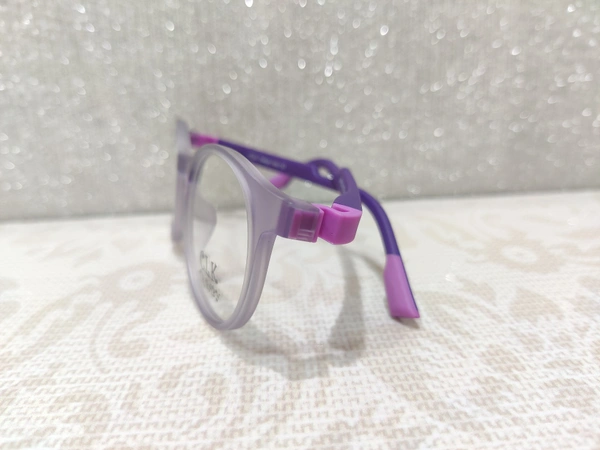 Clk 106 - Wisteria, 44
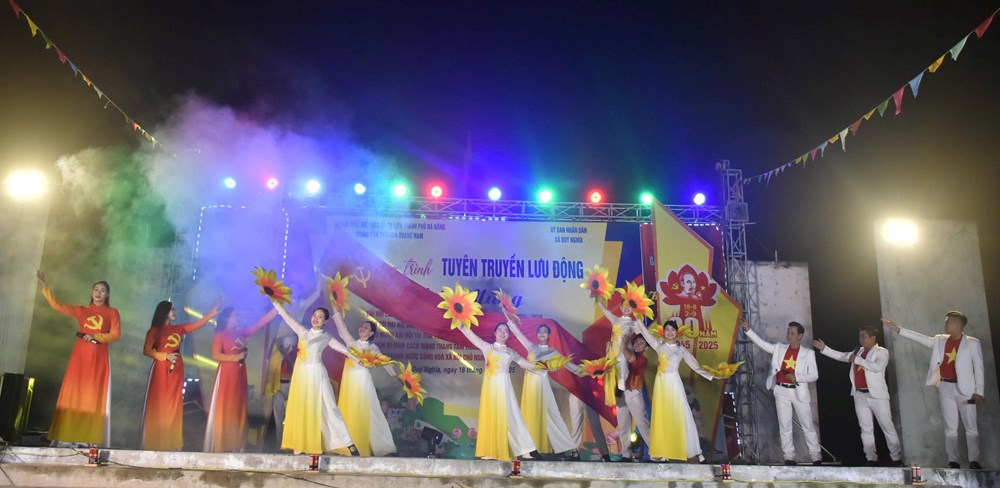 Đưa chương trình văn nghệ, chiếu phim lưu động về với miền núi, xã đảo - ảnh 3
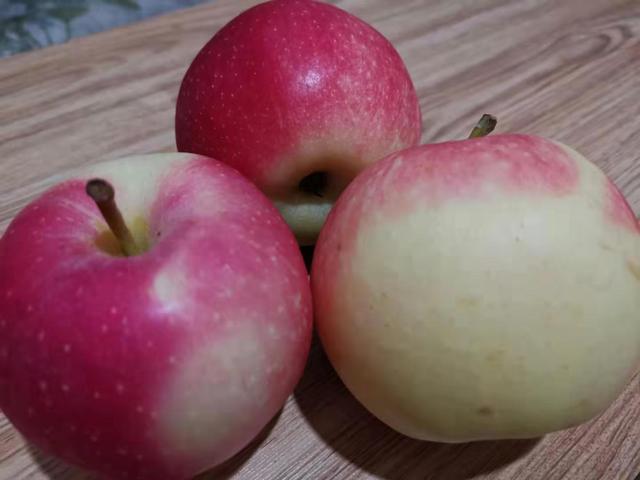 加力果和苹果的区别是什么,吃苹果好还是加力果好(说说最近降价苹果嘎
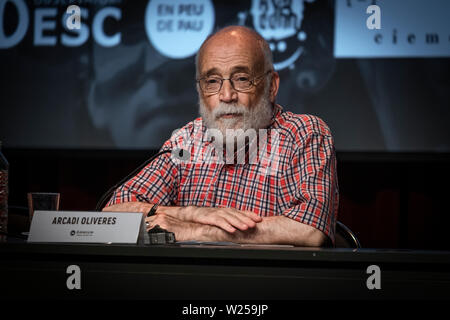 Barcelone, Espagne. 05 juillet, 2019. Arcadi Oliveras, écrivain et économiste espagnol parle pendant le event.Organized Catalan par l'entité culturelle plutonium "indépendants, la deuxième journée de la désobéissance civile a eu lieu à la naissance du centre culturel. Ces deux jours, 4 et 5 juillet, des conférences et tables rondes visent à établir le fondement théorique de la désobéissance civile comme un moyen de résoudre le problème de l'indépendance de la Catalogne après le refus répété de l'état espagnol d'organiser un référendum. Credit : SOPA/Alamy Images Limited Live News Banque D'Images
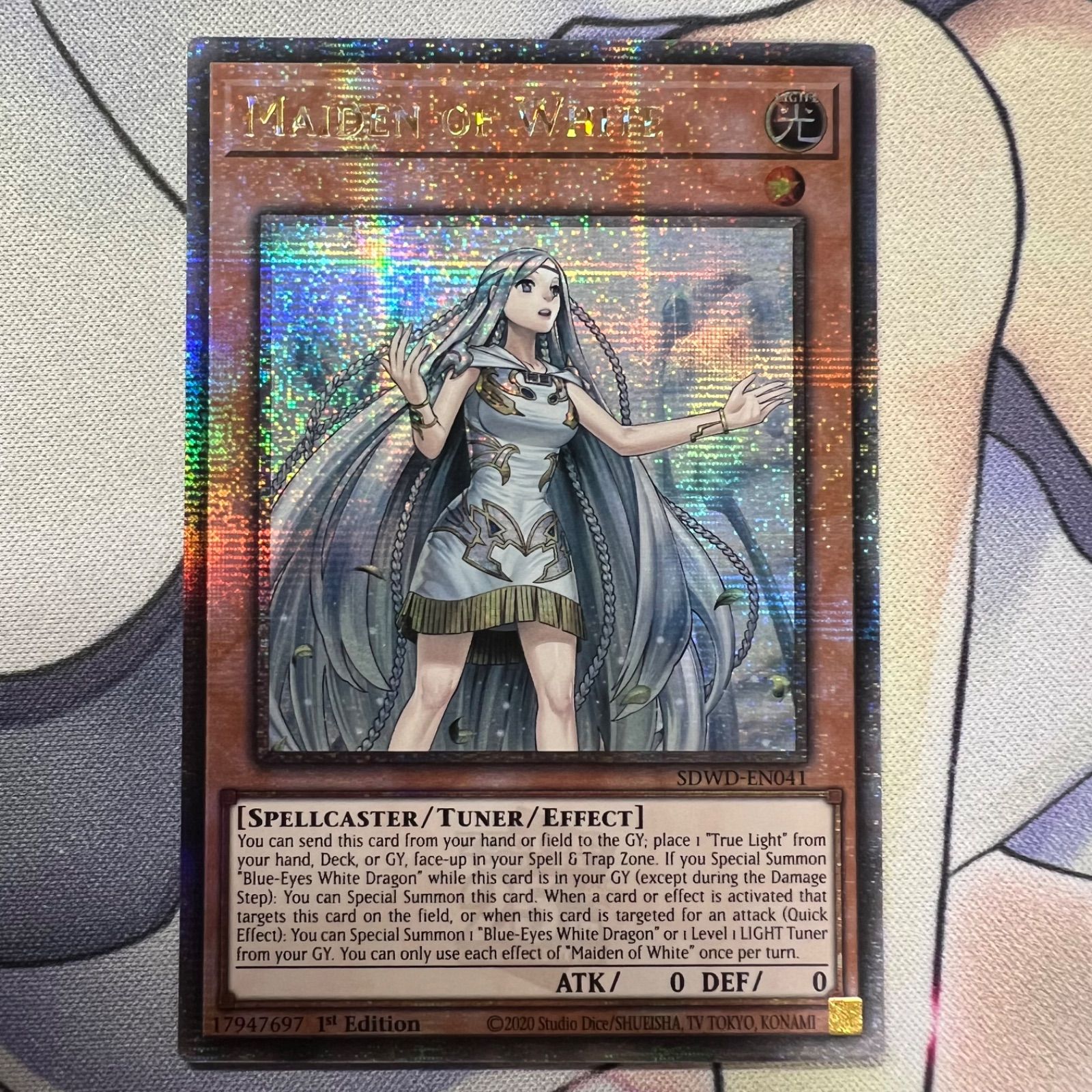 HIGH-RESOLUTION ARTWORK 白の聖女エクレシア コナミスタイル|KONAMIの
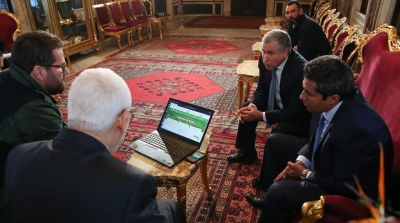 أنور معروف يقدم للغنوشي منصّة التواصل الإلكترونية للبرلمان 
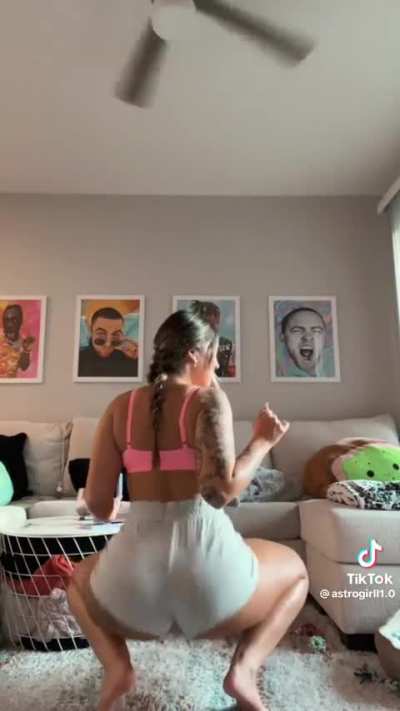 @astrogirll1.0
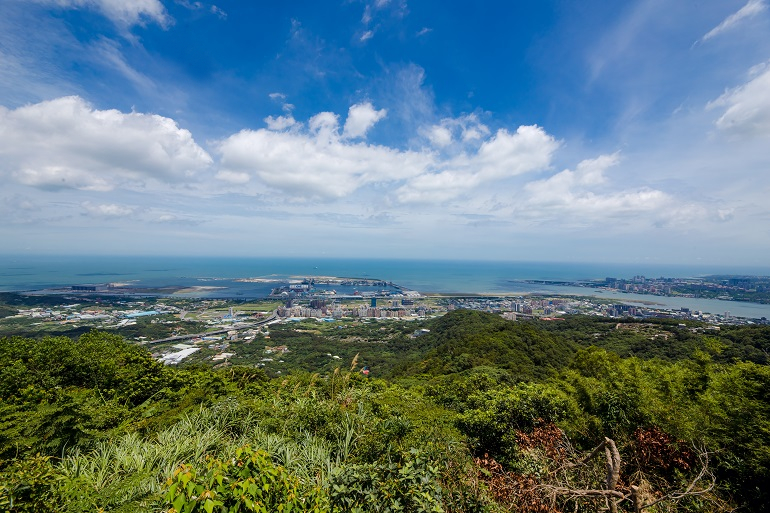 賞鷹台から望む台湾海峡の絶景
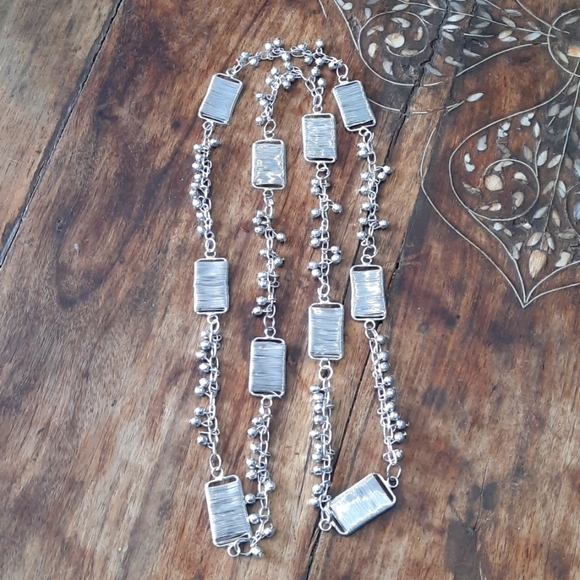 FABULOUS STATEMENT NECKLACE - Picture 5 of 5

__Activity__.
Return each entry exactly as given. Leave the images out.

__Output for this exercise__.
 Clk 106 - Wisteria, 44
 Đưa chương trình văn nghệ, chiếu phim lưu động về với miền núi, xã đảo - ảnh 3
 加力果和苹果的区别是什么,吃苹果好还是加力果好(说说最近降价苹果嘎
 Barcelone, Espagne. 05 juillet, 2019. Arcadi Oliveras, écrivain et économiste espagnol parle pendant le event.Organized Catalan par l'entité culturelle plutonium "indépendants, la deuxième journée de la désobéissance civile a eu lieu à la naissance du centre culturel. Ces deux jours, 4 et 5 juillet, des conférences et tables rondes visent à établir le fondement théorique de la désobéissance civile comme un moyen de résoudre le problème de l'indépendance de la Catalogne après le refus répété de l'état espagnol d'organiser un référendum. Credit : SOPA/Alamy Images Limited Live News Banque D'Images
 HIGH-RESOLUTION ARTWORK 白の聖女エクレシア コナミスタイル|KONAMIの
 أنور معروف يقدم للغنوشي منصّة التواصل الإلكترونية للبرلمان 
 @astrogirll1.0
 賞鷹台から望む台湾海峡の絶景
 FABULOUS STATEMENT NECKLACE - Picture 5 of 5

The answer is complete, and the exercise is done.